Vespers and Compline in Fauxbourdon style

A valuable historic and artistic document: a complete vespers and compline service with great and beautiful music. 

The Vespers and Compline Service

The vespers and compline service was sung in Latin by the monks and nums in the Roman Catholic monasteries for over 1,500 years. But within recent times, the decrees of Vatican II created a situation where the old Latin services were generally removed from active use.

The two offices were usually performed together, compline immediately following vespers and the services sung each day had the same basic format: five psalms, a hymn, and a magnificat for vespers, and three psalms and a Marian antiphon for compline. Most of the other parts of the service varied according to the day of the week and the time of the year.

Our service contains the proper prayers, etc. to be sung for "a feast honoring a martyr, not in paschal time." Paschal time, or tempus paschale, is the season of Easter – the celebration of the resurrection extending from Easter Sunday to the Saturday after Pentecost.

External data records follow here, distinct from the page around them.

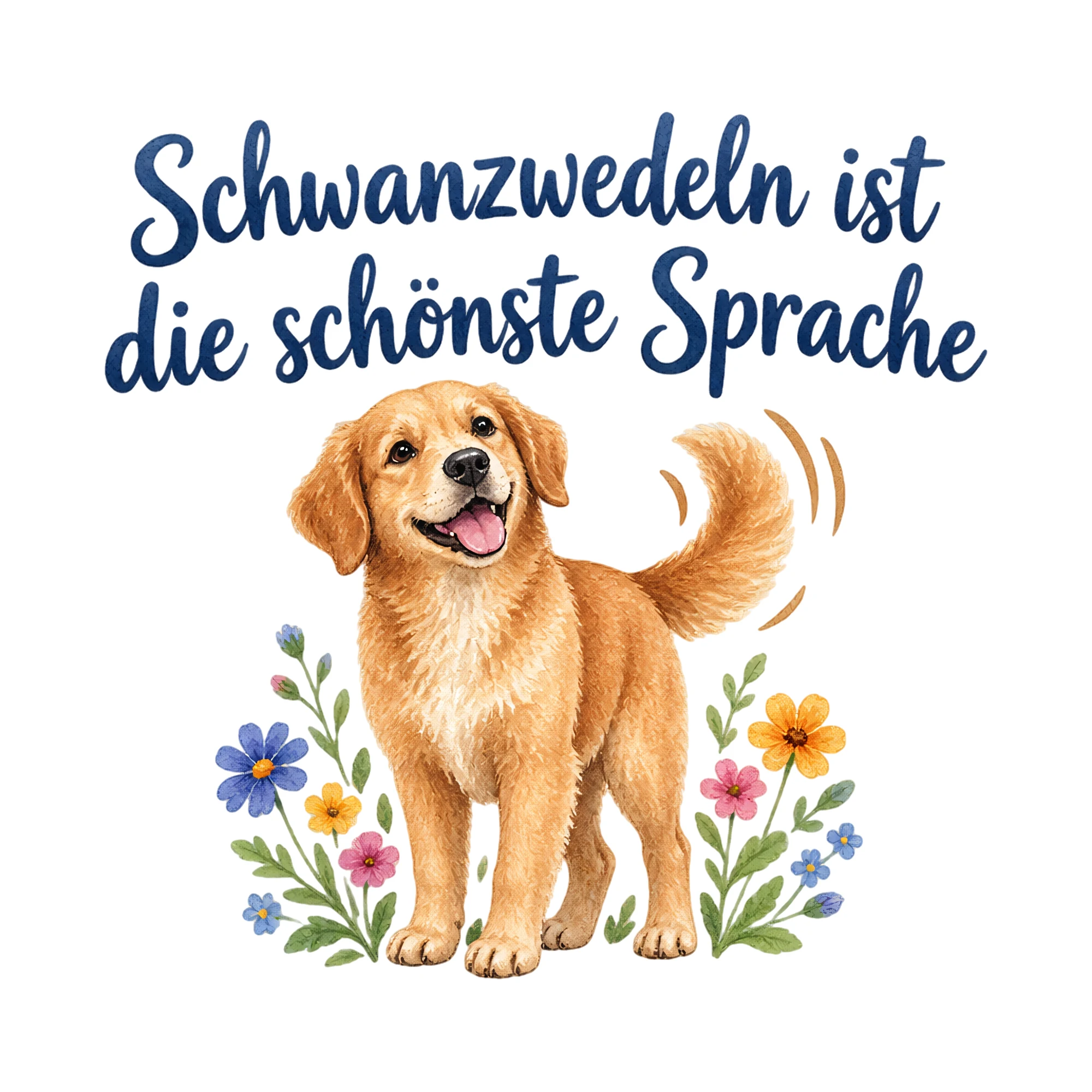 Bügelbild Schwanzwedeln ist die schönste Sprache als Grafik auf weißem Hintergrund (BB019757)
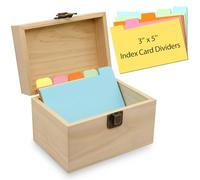 DSYIL Index Card Holder, Wooden Index Card Box, 3 x 5 Flash Cards Holder with 35 Dividers, Recipe Cards Case for Organizing Business Cards, Study Cards and Note Cards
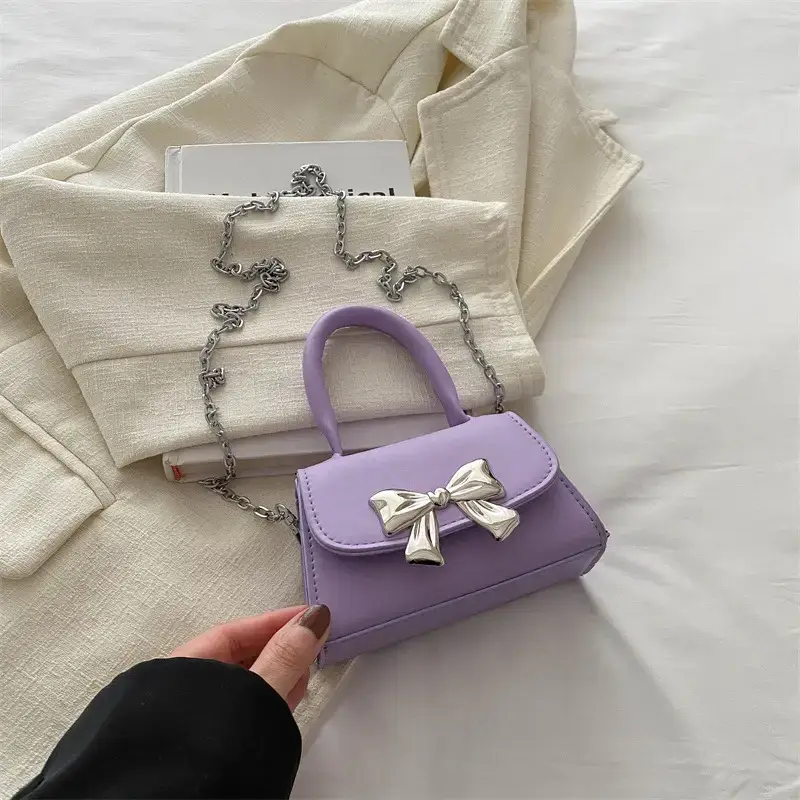 2024 Bow Mini Square Bag Women Black Purple Chain Crossbody - Image 2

As we have selected the Marian antiphon Salve Regina to be sung at the end of the compline service, this would make this a service that would have been performed between the feast of the blessed trinity and the last Sunday before the beginning of advent. Each of the four Marian antiphons were sung in a separate quadrant of the liturgical year.

The Music

The music is the Gregorian chant with some of the parts replaced by setting composed by musicians of the Renaissance period. The vespers service itself was mostly taken intact from a work called “Musica Divina” by Carl Proske (1794-1861). Proske was a German priest who devoted the last thirty years of his life to the preservation and reinstatement of the great sacred choral music literature: one of the greatest musical inheritances of our culture.

Proske traveled to Italy where he copied and collected the music stored in monasteries and museums, then published it in Germany, much of it for the first time. It is thanks to this great man that many great sacred choral masterworks are available today in other than original manuscripts tucked away in museums and libraries.

The remainder of the music in our service was drawn from the complete works of Palestrina and from the Catholic sourcebook Liber Usualis and other old editions of Gregorian chant.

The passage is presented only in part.